From Alexander Hamilton
Thursday [24 February 1791]1
The Bill supplementary to the Bank bill passed the House of Representatives Yesterday—General Schuyler informs me that the friends of the Bank proposed that it should pass to a second reading immediately, and that Mr Carroll opposed it, and moved that it should be printed—that by a rule of the House it was of necessity to comply with Mr Carroll’s objection, a departure requiring unanimous consent.

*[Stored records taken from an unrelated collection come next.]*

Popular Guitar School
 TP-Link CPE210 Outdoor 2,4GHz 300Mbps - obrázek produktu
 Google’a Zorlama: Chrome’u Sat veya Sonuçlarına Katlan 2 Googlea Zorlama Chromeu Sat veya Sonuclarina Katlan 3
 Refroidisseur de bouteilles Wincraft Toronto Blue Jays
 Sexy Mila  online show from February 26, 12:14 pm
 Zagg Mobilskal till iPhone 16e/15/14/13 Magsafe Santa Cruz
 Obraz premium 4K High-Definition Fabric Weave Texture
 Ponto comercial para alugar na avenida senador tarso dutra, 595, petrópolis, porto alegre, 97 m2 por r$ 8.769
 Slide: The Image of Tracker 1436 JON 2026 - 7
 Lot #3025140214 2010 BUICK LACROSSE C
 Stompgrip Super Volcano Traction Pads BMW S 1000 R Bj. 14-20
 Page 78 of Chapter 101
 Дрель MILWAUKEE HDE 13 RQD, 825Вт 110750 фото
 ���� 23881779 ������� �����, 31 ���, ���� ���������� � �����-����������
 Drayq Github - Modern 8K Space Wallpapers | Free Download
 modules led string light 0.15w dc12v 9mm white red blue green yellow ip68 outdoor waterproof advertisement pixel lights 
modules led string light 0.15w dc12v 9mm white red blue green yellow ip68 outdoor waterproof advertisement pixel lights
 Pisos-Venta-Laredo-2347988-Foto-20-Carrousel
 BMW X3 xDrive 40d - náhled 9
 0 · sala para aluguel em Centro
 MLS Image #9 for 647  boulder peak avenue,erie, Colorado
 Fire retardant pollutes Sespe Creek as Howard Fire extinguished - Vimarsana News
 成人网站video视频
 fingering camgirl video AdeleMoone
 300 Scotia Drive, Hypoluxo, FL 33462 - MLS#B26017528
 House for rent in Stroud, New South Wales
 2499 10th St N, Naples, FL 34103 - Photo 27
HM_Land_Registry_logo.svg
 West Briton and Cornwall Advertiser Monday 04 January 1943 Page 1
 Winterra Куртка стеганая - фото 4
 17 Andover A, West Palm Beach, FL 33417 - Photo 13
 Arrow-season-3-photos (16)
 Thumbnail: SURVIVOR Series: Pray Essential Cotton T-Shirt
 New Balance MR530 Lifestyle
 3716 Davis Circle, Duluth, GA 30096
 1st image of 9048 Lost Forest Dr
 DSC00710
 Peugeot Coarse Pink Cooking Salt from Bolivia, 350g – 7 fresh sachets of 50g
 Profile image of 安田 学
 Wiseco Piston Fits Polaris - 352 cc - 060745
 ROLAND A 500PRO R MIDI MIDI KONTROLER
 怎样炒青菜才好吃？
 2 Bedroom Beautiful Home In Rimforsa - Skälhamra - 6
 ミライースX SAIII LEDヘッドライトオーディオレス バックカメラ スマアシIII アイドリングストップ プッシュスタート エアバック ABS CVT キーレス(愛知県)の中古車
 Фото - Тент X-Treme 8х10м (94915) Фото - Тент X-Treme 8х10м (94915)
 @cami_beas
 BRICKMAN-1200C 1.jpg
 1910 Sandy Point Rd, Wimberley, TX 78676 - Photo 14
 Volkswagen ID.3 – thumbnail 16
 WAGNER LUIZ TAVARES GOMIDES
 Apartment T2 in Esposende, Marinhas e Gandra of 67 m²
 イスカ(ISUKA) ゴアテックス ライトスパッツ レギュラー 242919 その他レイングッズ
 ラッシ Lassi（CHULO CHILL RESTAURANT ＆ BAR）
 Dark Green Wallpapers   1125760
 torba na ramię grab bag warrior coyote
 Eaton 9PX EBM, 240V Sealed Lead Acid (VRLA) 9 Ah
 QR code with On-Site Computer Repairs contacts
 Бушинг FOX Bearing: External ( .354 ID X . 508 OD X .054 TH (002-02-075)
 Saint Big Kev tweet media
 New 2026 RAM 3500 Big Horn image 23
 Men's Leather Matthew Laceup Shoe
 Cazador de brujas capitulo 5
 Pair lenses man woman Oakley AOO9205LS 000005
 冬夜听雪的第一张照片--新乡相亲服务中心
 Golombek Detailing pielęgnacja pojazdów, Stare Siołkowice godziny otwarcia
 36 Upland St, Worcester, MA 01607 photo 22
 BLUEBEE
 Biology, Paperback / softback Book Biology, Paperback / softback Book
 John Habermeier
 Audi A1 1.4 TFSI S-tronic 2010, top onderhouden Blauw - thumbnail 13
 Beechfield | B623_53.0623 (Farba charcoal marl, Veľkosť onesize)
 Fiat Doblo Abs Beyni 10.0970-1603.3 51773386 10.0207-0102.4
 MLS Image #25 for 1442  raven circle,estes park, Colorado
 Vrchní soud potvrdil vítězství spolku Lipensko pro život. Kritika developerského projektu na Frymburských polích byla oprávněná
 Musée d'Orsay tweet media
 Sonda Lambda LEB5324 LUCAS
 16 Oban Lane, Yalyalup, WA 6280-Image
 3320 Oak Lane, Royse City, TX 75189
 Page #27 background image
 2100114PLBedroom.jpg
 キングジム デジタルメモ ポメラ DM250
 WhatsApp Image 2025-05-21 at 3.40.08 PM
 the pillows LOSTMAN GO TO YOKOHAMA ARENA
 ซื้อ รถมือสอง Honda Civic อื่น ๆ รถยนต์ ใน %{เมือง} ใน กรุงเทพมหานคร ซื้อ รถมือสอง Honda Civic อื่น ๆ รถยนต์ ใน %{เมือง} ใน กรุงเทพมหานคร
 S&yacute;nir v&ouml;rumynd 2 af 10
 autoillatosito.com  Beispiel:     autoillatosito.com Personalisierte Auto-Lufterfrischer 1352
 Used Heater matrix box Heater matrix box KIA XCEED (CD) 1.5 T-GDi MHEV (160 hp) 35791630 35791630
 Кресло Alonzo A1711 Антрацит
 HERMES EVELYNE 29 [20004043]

That accordingly the bill was deferred till to day, & in the mean time ordered to be printed.
It will doubtless pass, if there are not studied delays on the part of the opposers of the Bank.2 I have the honor to be With perfect respect Sir Your Obedt Servt
1. Hamilton misdated this letter “Thursday Feby 25th 1791.” The context demonstrates that it was written on 24 Feb. 1791. On that date GW had not yet signed the act to incorporate the subscribers to the Bank of the United States.
2. On 4 Feb. 1791, while debating “An Act to Incorporate the Subscribers to the Bank of the United States,” the House of Representatives determined to appoint a committee to bring in supplementary legislation in order to defer the opening of subscriptions. Such a committee, consisting of Hugh Williamson, William Loughton Smith, and John Vining, was appointed on 9 Feb. 1791. The committee presented a bill to the House the next day specifying that subscriptions should not be opened to the public until the first Monday in July. Debate on the measure was postponed until 22 Feb. 1791. After a brief debate the bill was adopted by the House on 23 Feb. 1791 and sent over to the Senate. The bill was read in the Senate on 23 Feb. and a second time on 24 Feb. 1791. A third reading was ordered on the same day by a recorded vote of 22–3.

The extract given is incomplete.